Technically this is what happens in a nutshell: 30 seconds of music are selected from the beginning, middle and end of
each of a large and diverse selected number of musical works commissioned by the Festival over the past 70+ years.
All of these musical fragments are made available in the form of 8 simultaneous digital streams. Computer number
one (a PC with Linux OS
and running CSound) chooses a subset of1-8 of these streams to elaborate, in cycles (Time Blocks) ranging from every
15 seconds to every 7 minutes. It then applies to each chosen stream one of ten processing types all based on
extreme transformative typologies. The transformed streams are then passed on to the second computer (a MAC G3
running MAX /MSP) which in turn
processes the material of machine one with 1-10 other transformations. All of these selections and multiple processes
are governed by a complex system of random and weighted probabilities which exploit and enhance the "unknowable"
and illogical character of the system's behavior - which at times can appear to be attentive to conventional
musical wisdom and at others acts like a disturbed child with no consideration for "good musical behavior" whatsoever.
The machines, of course, have no knowledge of or
sensibility toward the source musics.
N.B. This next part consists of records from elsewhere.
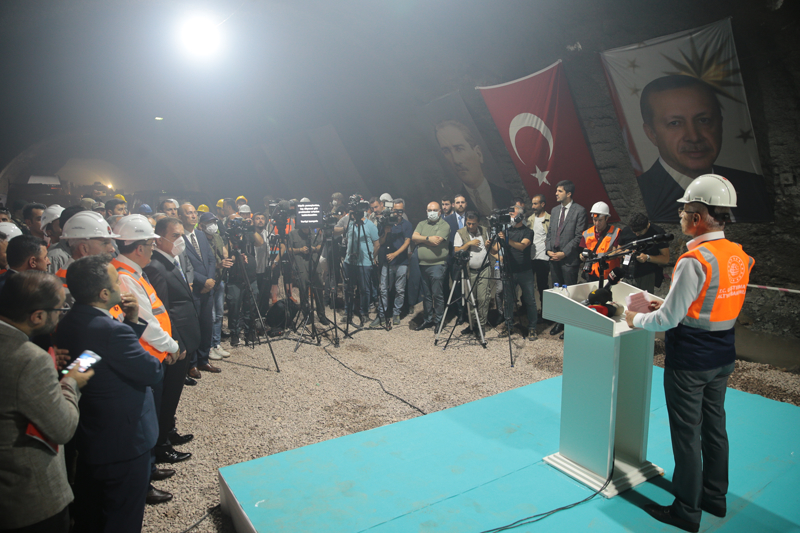<p class='>2003'ten bu yana 439 kilometre uzunluğunda 3 bin 770 köprüyü ve 673 kilometre uzunluğunda 403 tüneli tamamlayarak hizmete sunduklarını dile getiren Uraloğlu, çok yakında bunlara Yeniköprü-Yüksekova yolu kapsamında inşa edilen 3 bin 965 metre uzunluğundaki T-1 Tüneli'ni ekleyeceklerini kaydetti.<br></p>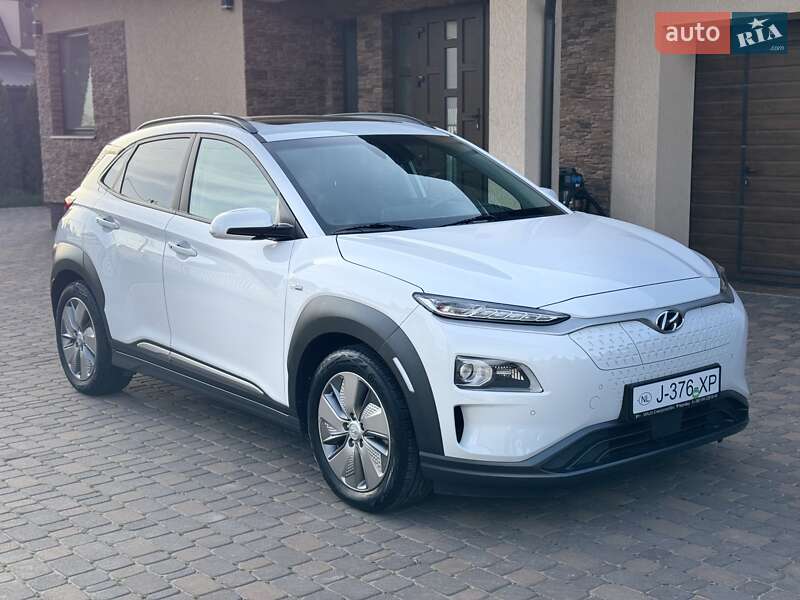 Внедорожник / Кроссовер Hyundai Kona Electric 2020 в Черновцах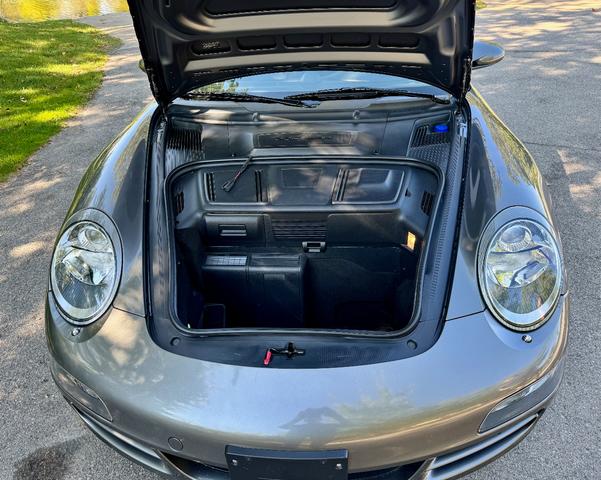 Photo of 2007 Meteor Gray Metallic Porsche 911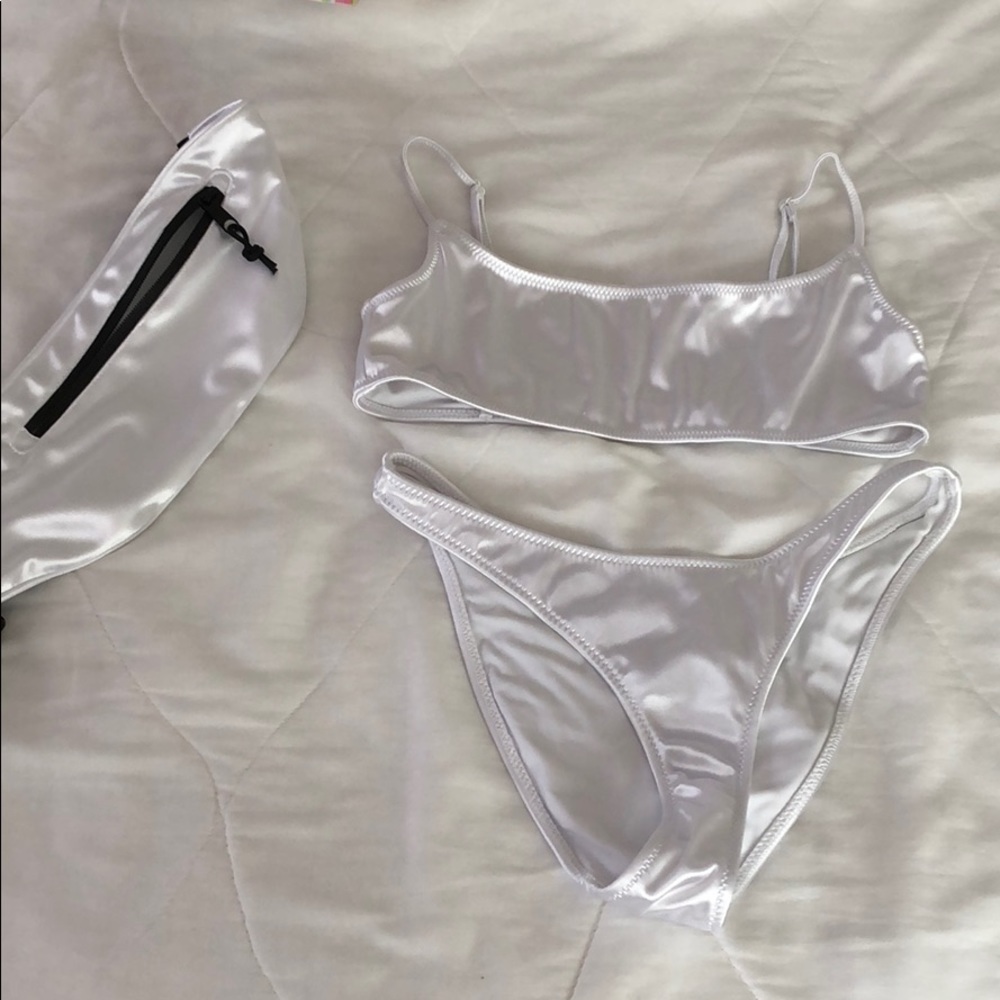 Triangl Galaxy Bikini Size M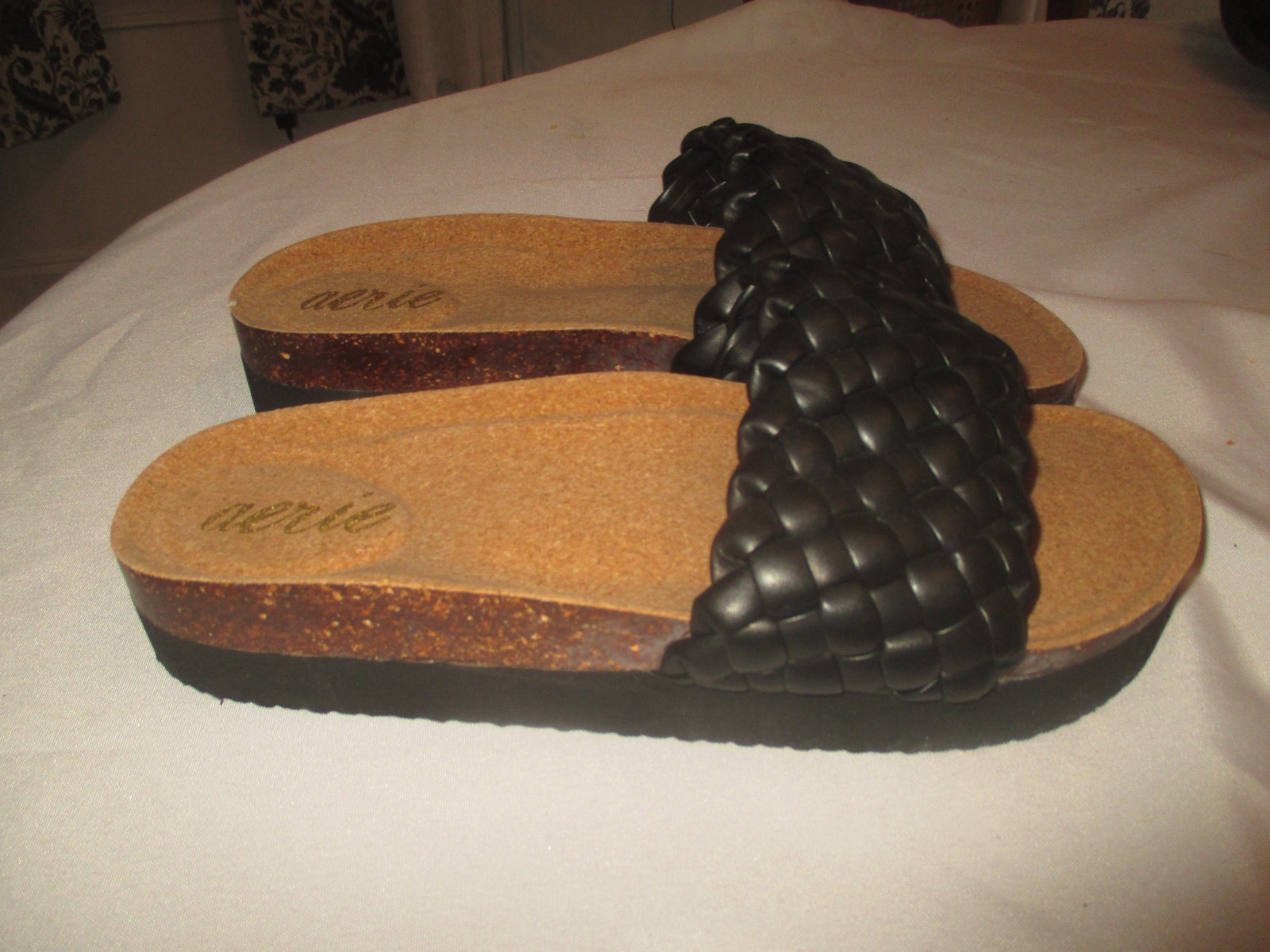 AERIE womens SZ 9 black weaved slip on cork heel sandals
They simply do as they are told, and take what is fed to them as if it were the
same life sustaining air,water, and music so indispensable for our own human survival.... "Ludwig - are you still there???"
"Ja. Ja. but I have to run off to an improvisation contest with Scelsi, like a duel- we're only allowed one note each.
Schoen, nicht?? - send you an email soon. Bis bald."